(REQUIREMENT):
Word for word, return the lines below from the first through the line that has "Six perfectly prepared", dropping the pictures.

***** PROVIDED RECORDS

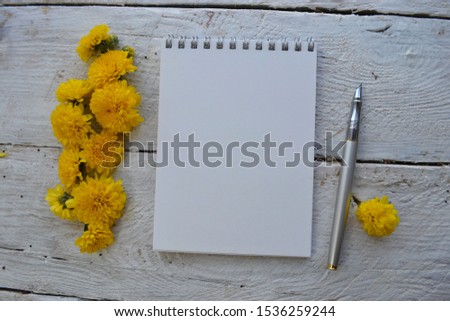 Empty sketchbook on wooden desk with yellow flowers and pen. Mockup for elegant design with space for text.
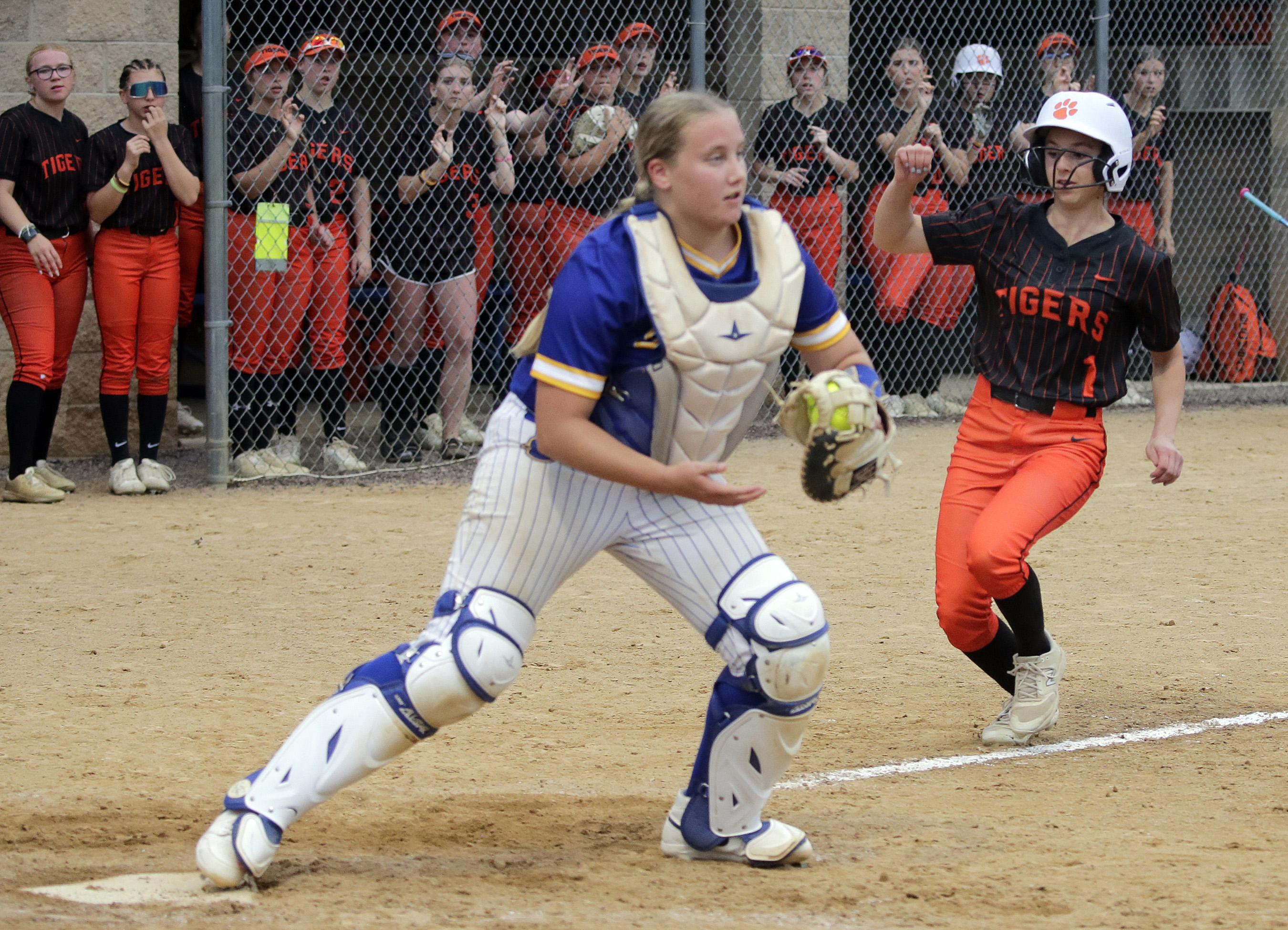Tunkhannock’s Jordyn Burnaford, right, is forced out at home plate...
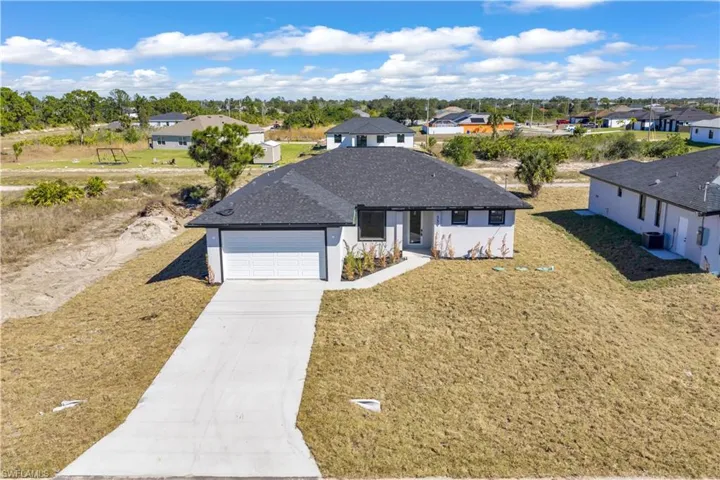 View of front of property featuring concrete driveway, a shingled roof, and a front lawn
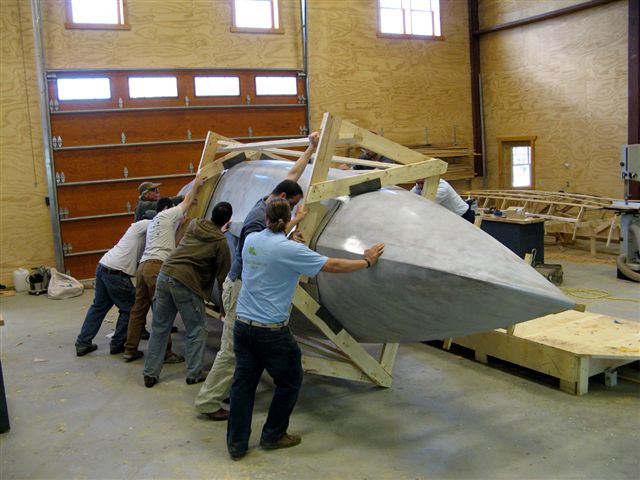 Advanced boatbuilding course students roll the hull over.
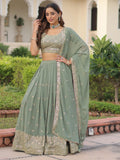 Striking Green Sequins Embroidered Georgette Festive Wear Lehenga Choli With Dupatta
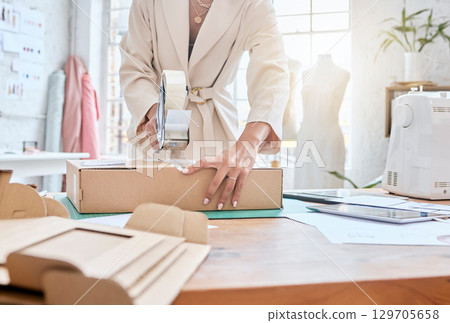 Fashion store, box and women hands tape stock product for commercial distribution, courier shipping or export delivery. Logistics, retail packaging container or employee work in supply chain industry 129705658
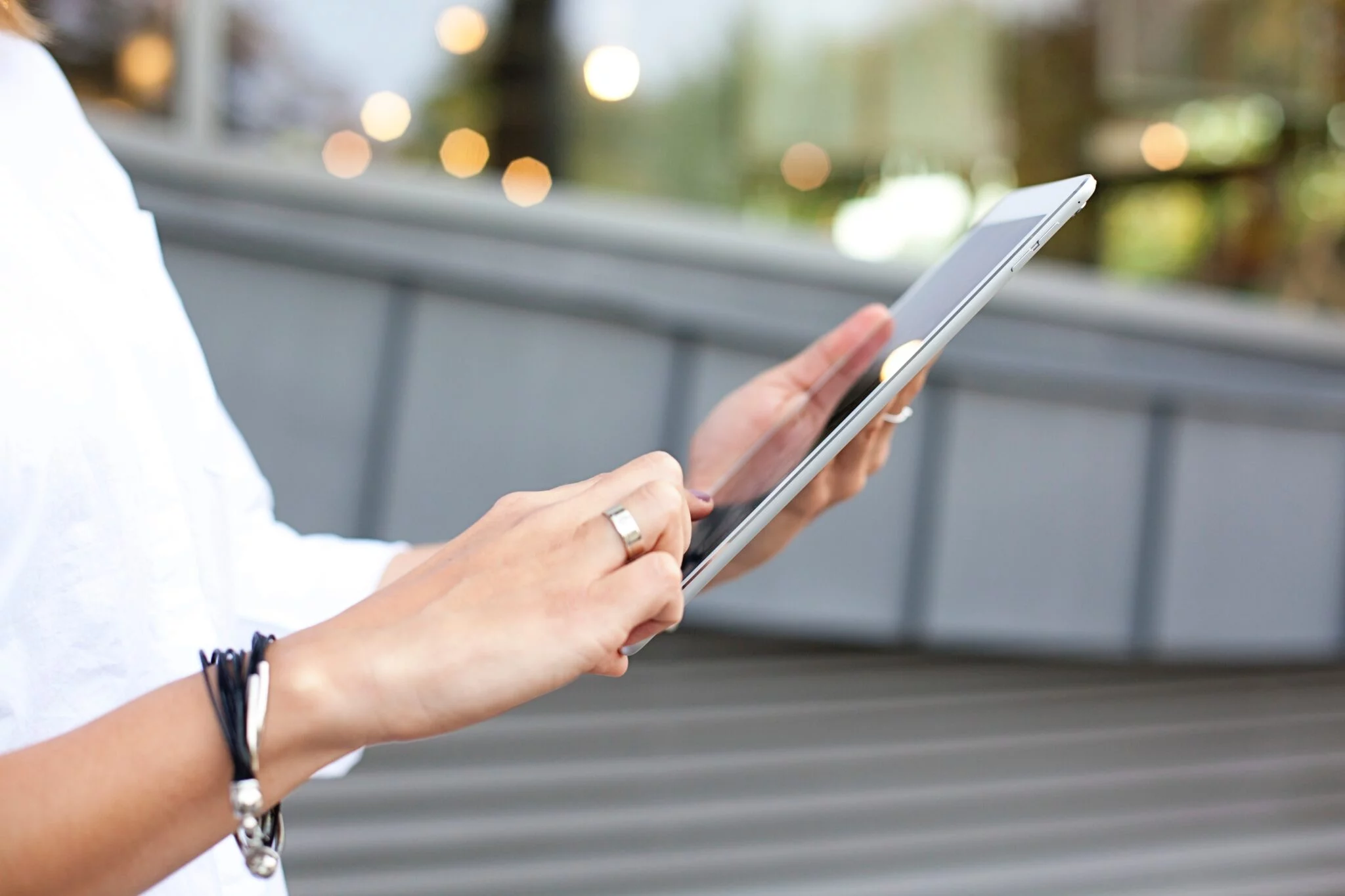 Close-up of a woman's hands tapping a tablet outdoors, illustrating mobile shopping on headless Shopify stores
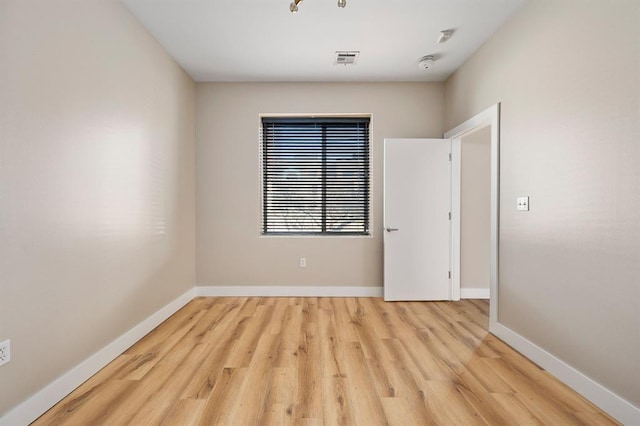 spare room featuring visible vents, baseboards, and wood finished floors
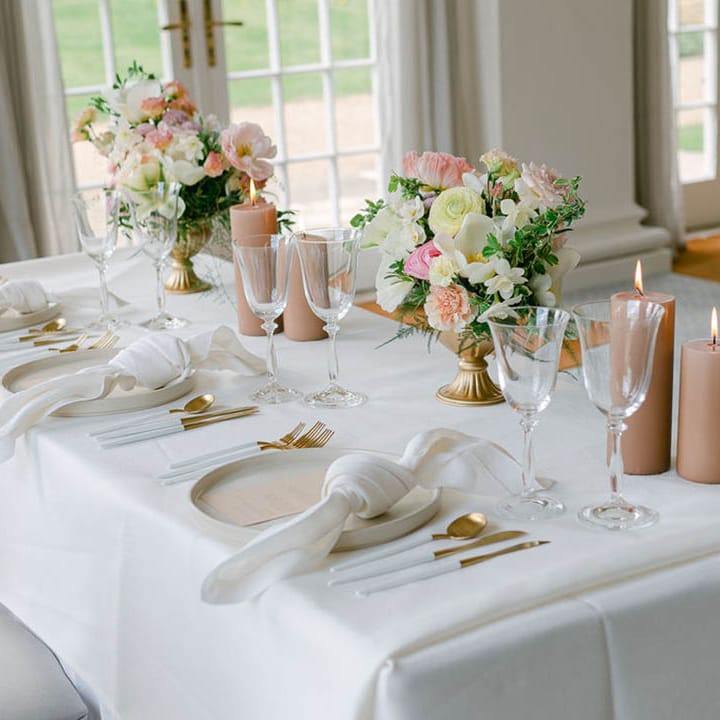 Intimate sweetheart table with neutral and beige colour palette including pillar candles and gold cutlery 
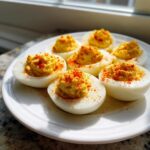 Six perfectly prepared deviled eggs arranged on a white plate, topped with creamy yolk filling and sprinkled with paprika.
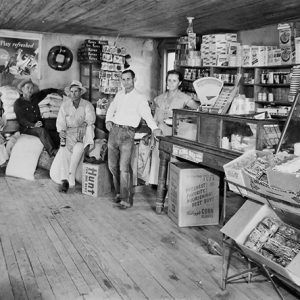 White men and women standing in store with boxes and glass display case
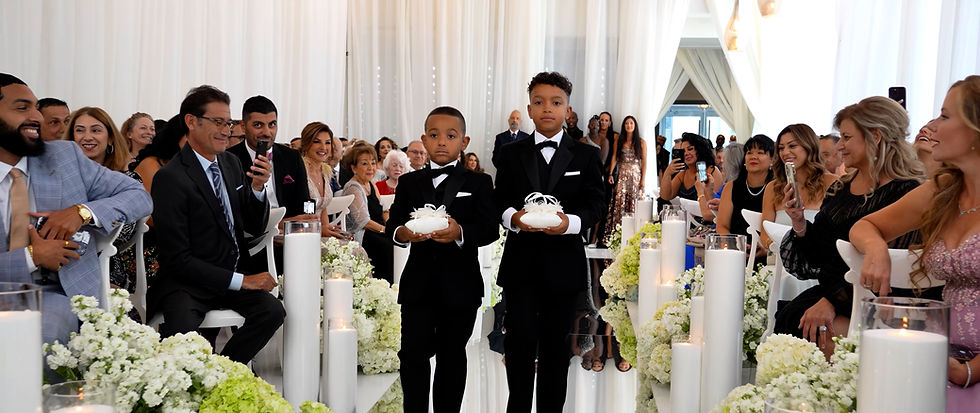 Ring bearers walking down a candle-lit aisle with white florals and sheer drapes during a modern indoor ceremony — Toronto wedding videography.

**********

(SOLUTION TO THIS PROBLEM):
 Empty sketchbook on wooden desk with yellow flowers and pen. Mockup for elegant design with space for text.
Tunkhannock’s Jordyn Burnaford, right, is forced out at home plate...
 View of front of property featuring concrete driveway, a shingled roof, and a front lawn
 Advanced boatbuilding course students roll the hull over.
 Striking Green Sequins Embroidered Georgette Festive Wear Lehenga Choli With Dupatta
 Fashion store, box and women hands tape stock product for commercial distribution, courier shipping or export delivery. Logistics, retail packaging container or employee work in supply chain industry 129705658
 Close-up of a woman's hands tapping a tablet outdoors, illustrating mobile shopping on headless Shopify stores
 spare room featuring visible vents, baseboards, and wood finished floors
 Intimate sweetheart table with neutral and beige colour palette including pillar candles and gold cutlery 
 Six perfectly prepared deviled eggs arranged on a white plate, topped with creamy yolk filling and sprinkled with paprika.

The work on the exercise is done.